Yao Ming with his family after announcing his NBA retirement
With his family after announcing his NBA retirement, July 2011 © Bloomberg

This chameleon approach sounds exhausting but Yao seems resigned. “Every person has that part of him that wants to be himself, to say something that really represents himself,” he says. “But everybody also has to know the responsibility that they carry. I accept it and try to embrace it. I always try to find the common part between my personal goals and my duty… [so I can] accept it and take it as [my] will.”

I wonder whether this equanimity is inspired by eastern philosophy. Confucianism maybe? But it seems Yao was just born believing that acceptance is the better part of valour. He says he has not studied philosophy. That is hardly surprising, since he sacrificed most of his school years to basketball. Only now, in his thirties, is he studying economics as an undergraduate at Jiaotong University in Shanghai, where he lives with his family. On the day we met, he had just dropped his three-year-old daughter off at her first day of pre-school. Yao tries hard to shield her from publicity, though Chinese media are already speculating on her future height, since her mother, Ye Li, used to play on China’s women’s national basketball team.

As well as economics, Yao is focusing on a sideline in politics and is proud to have taken a seat on the government advisory body, the Chinese People’s Political Consultative Conference. Is he a member of the party, I ask? “What party?” he quips, adding that plenty of people on the CPPCC are not Communist party members.

He’s certainly not afraid to take a stance – campaigning against shark fin soup and speaking out on the need for Beijing to do something about air pollution. “Weather has caught people’s attention, it’s the kind of problem that will force our government to make some changes,” he says. “But it will take some time. You are from Detroit, what was it like when you grew up?” he asks. “We can’t just shut down all the factories.”

With his playing career over, he’s also breaking new ground in the world of Chinese philanthropy. He hopes to move towards transparency in how his own Yao Ming Foundation, established to help victims of the 2008 Sichuan earthquake, spends its money (though it is not yet so transparent that it actually discloses the size of its assets). But when it comes to his plans for a business career to rival the sports one that ended prematurely, he doesn’t have much to say, noting that his ideas are still “immature”. Operation Yao the Businessman has not yet really got off the ground.
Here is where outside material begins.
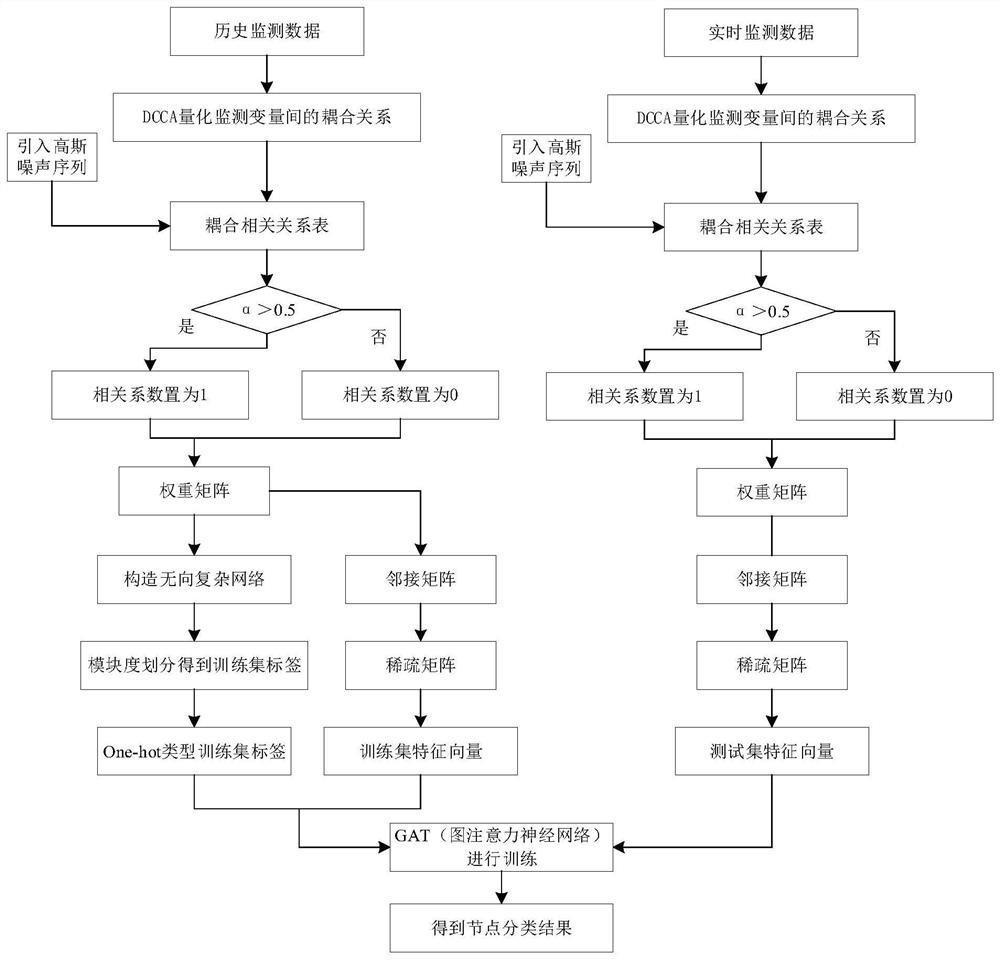 Complex network node classification method based on graph attention network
Still, one thing is clear: making lots of money is part of the eventual plan. He sets me straight when I ask whether he wants to make money in a way that is good for society. “Making money is already good for society,” he says, adding the Chinese version of the saying that teaching a man to fish is superior to giving him one.

Crowd gathers around Yao Ming
The price of fame – being mobbed, April 2012 © ChinaFotoPress

So is he happy with the state of the nation that helped him become so famous? “Since the end of the cultural revolution we have made great achievements, but we can’t stop,” he says. “In Shanghai, Beijing, people are very wealthy, they have good food, nice clothes, good schools. But the spiritual part, that you cannot buy. We have to figure that out.

“We have to cross the river by touching the stones,” he adds, echoing Deng Xiaoping, who said the same about introducing capitalism to China at virtually the moment that Yao was born. Since then, China has got the hang of making money. But has it lost its soul in the process? “It’s a stage that the country has to undergo,” he says. “There will be a turning point, we are almost there.”

Maybe it’s because he’s big – or more likely because he’s so confident, self-effacing and serene – but I am tempted to believe him. Yao Ming has changed the way the world sees Chineseness – and it is so much more than just a height thing.